ICM Question

[Ryski]

Grabbed Tai's calculation from another thread for the purpose of this example. I understand the theory of ICM but not necessarily the calculation.

OK, the ICM on this is as follows:

- If you fold you will have 2180 chips worth 17.5% of the prize pool
- If you call and win you will have 4960 chips worth 32.3% of the prize pool
- If you call and lose you are out.

Therefore, you need to be (17.5/32.3) = 54% to win against opp's range to make this a good call.

2 Questions here:

1) What is the (17.5/32.3) equation? I know where the numbers come from but I'd like the equation explained to me in english =p

2) What happens if the chipstacks are different and you call and lose but ARE NOT out - ie you have the other guy covered. Since a third number now appears ( only 2 in the example above ), where does this fit in the above equation?

Thanks.

[taipan168]

1) What is the (17.5/32.3) equation? I know where the numbers come from but I'd like the equation explained to me in english =p

What we are trying to figure out is the equity (% chance to win) our hand has against opp's range that will make this a good call. Since if we fold we will have 17.5% of the prize pool and if we win we will have 32.3%, we need to figure out what % of the time we need to win 32.3% to make that a better option than folding and having 100% chance of having 17.5%.

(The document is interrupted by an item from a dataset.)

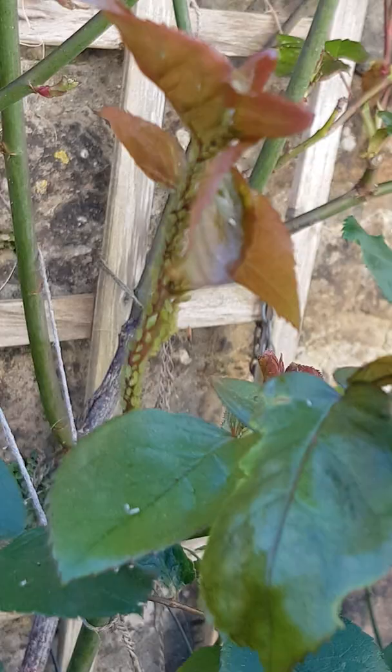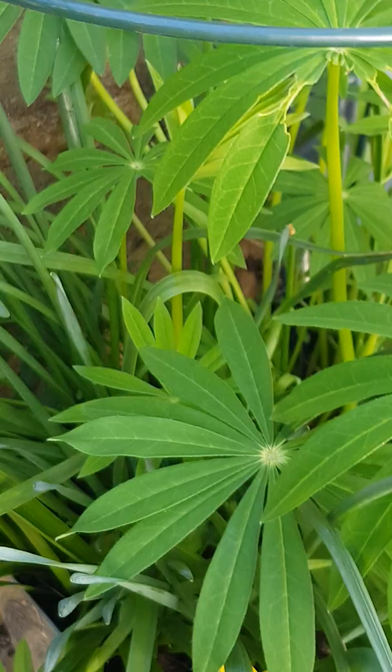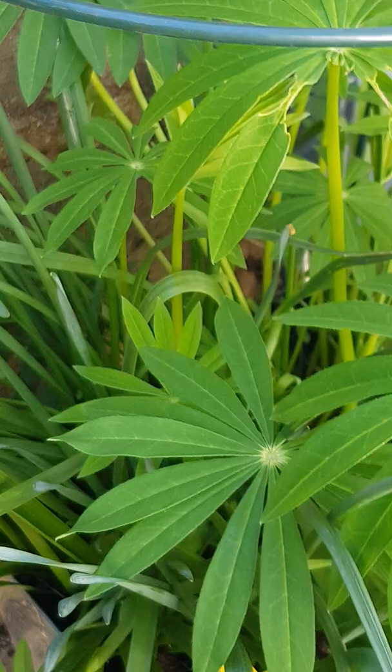We're in April and my rosebush, as you can see, is crawling with aphids or greenfly. I'm going to have to make something — they're everywhere. You can also see up here, it's covering it completely. It's horrible. I'm going to have to make my own natural spray. The lupins haven't been affected yet, which they tend to be, so I'm really thankful for that.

2) What happens if the chipstacks are different and you call and lose but ARE NOT out - ie you have the other guy covered. Since a third number now appears ( only 2 in the example above ), where does this fit in the above equation?

In that case the equation becomes (% fold - % lose)/(% win - % lose). So in the above example, if we wouldn't be totally out but we had 4% of the prize pool with a very short stack, it would be (17.5 - 4.0)/(32.3 - 4.0) = we need to be 47.7% to win.

Hope that helped!

[Ryski]

Thanks man. That is exactly what I was looking for.

[Sakuraba]

and thanks from me too, this definitely helped.